Ingredients:
- 1 cup (225g) unsalted grass-fed butter
- 1/2 cup (100g) coconut sugar
- 1/4 cup (50g) cane sugar
- 1 large egg
- 1 large egg yolk
- 1 tbsp pure vanilla bean paste
- 1 3/4 cups (220g) all-purpose flour
- 1/2 cup (50g) fine-ground pistachio flour
- 1 tsp baking soda
- 1/2 tsp flaky sea salt
- 1 cup (170g) 72% dark chocolate chunks
- 3/4 cup (100g) roasted, salted pistachios, roughly chopped
Instructions:
- Melt the butter in a light-colored skillet over medium heat. Whisk constantly as it foams until you see mahogany-colored flecks and smell a nutty aroma. Immediately pour into a cold bowl to stop the cooking process.
- Add the coconut sugar and cane sugar to the warm browned butter. Whisk vigorously to combine.
- Incorporate the cold egg, egg yolk, and vanilla bean paste. Whisk at high speed until the mixture is fully emulsified and slightly lightened in color.

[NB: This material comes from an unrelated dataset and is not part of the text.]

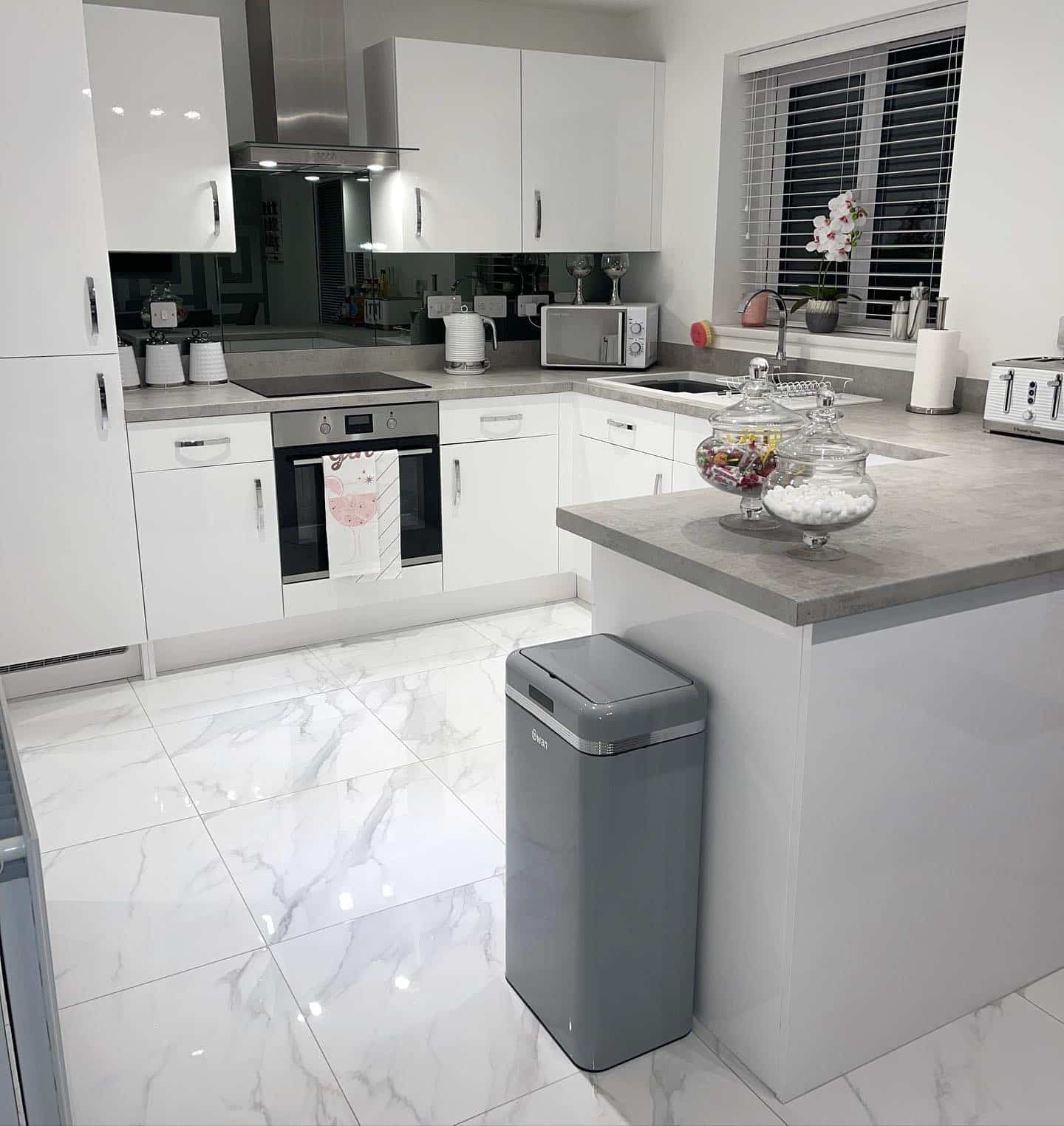 15. Polished Perfection with a Hint of Glamour - white kitchen floor ideas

- Sift in the all-purpose flour, pistachio flour, baking soda, and sea salt. Fold gently until just a few streaks of flour remain.
- Fold in the dark chocolate chunks and the chopped roasted pistachios at the last second to maintain crunch and texture.
- Scoop dough into balls and place on a lined baking sheet. Bake for 10 minutes until the edges are golden and set, but the centers remain soft.